Ayant fait la connaissance des deux officiers américains commandant
la batterie Charles et Richard Wilson, ils nous permirent de tirer. Nous
fîmes un bruit intense pendant un bel après-midi, alors que
nul avion ne parcourait le ciel (cet âge est sans pitié),
nous dûmes mettre en émoi les populations alentour et cela
nous faisait rire!
Les Alliés ! Quelle aventure ! Et c'en fut une qui changea tout
le cours de notre vie.
La café maure vu dans mon enfance avait disparu sous le chantier
de la clinique, qui devint plus tard, la guerre finie, un monastère
de Franciscains où nous prîmes l'habitude d'aller à
la messe, Maman y allait même tous les jours, sans pour cela oublier
notre curé de Bouzaréa, l'Abbé Suchet d'Albufera,
aumônier militaire en même temps.
Alain, né le 13 février 1942, et le débarquement
font que Guite n'est pas redescendue à Alger. C'est Roger qui montait,
d'abord en autobus, puis quand le débarquement aura eu lieu, il
bénéficiera d'une bicyclette anglaise sans dérailleur
en 1943 offerte par l'ami Ray Shire pilote d'essai sur l'aérodrome
de Maison-Blanche. C'est aussi lui qui offrira à Maman son premier
fauteuil, un fauteuil d'avion recouvert de toile bleue de la R.A.F. Il
nous donnera aussi, triomphant d'amener les voix de l'extérieur
dans une maison qui n'en avait jamais connu les bienfaits, une
énorme radio grise émettrice et réceptrice que nous
avions trônant près du fauteuil. Tout ce matériel
venait du surplus réformés de la R.A.F.
Nous avions donc, dès le début 43, trois officiers britanniques
dans nos murs: le commandant Parker, écossais, le capitaine McLaughlin,
canadien, et le capitaine Alexander, écossais en kilt, un quatrième
viendra un peu plus tard, un gallois Freeman Thomas qui a une belle voix
de basse. Ils font partie de l'Etat Major du Général Alexander
qui s'est installé dans les locaux de l'Ecole Normale. Le Général
Alexander était le commandant en chef des forces alliées
en Afrique du Nord. Il avait vaincu Rommel en Lybie et, commandant suprême
des Forces Alliées en Italie (septembre 1943 - mai 1945), il conduira
la campagne d'Italie et le débarquement de Provence.
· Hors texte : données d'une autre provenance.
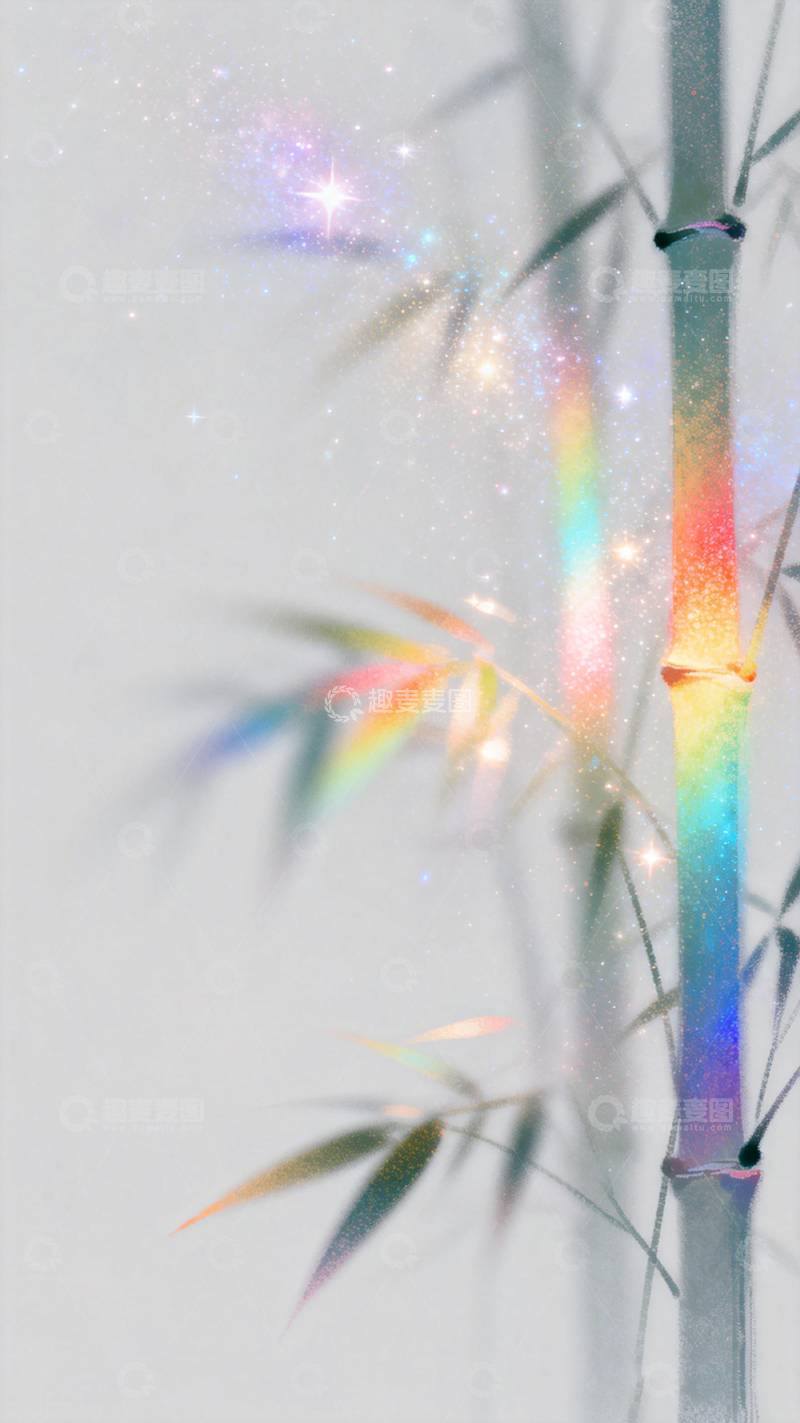 高清大图下载【趣麦麦图】梦幻竹林彩虹星光图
Ils ont une
ordonnance, Peter, écossais, amené par Douglas Parker. Peter
était employé comme bûcheron sur les terrains de Douglas
en Ecosse.
Ils partaient tous les matins, à pieds ; les jours de presse une
voiture venait les chercher pour les emmener à l'Ecole Normale.
Notre Route était très fréquentée par toutes
sortes de véhicules les Américains préféraient
leurs jeeps à la marche. Peter était logé par l'armée
qui lui a réquisitionné une chambre dans la propriété
Thomaron. Il parcourait ce bout de route et notre chemin à longueur
de temps car il était préposé à l'entretien
de ses quatre officiers : faire leur lit, leur chambre, cirer leurs chaussures,
etc
Il se déclarait heureux de faire ainsi ses mois de guerre,
malheureusement, cela ne dura que 6 mois. Puis débarquement en
Sardaigne, Sicile et Italie où nous perdions nos compagnons de
liesse et de misère. Maman avait accepté de nourrir les
quatre officiers le soir. Ils apportaient leur P.X. c'est à dire
leurs rations militaires et elle ajoutait les nôtres. Chère
Maman ! Quel travail pour arriver à nous nourrir tous. Que de rires
et de bonne humeur autour de la grande table de la salle à manger
! Nous leur apprenions à parler français sauf à McLaughlin
qui parle et chante, avec tante Josette, "St Patrick Day"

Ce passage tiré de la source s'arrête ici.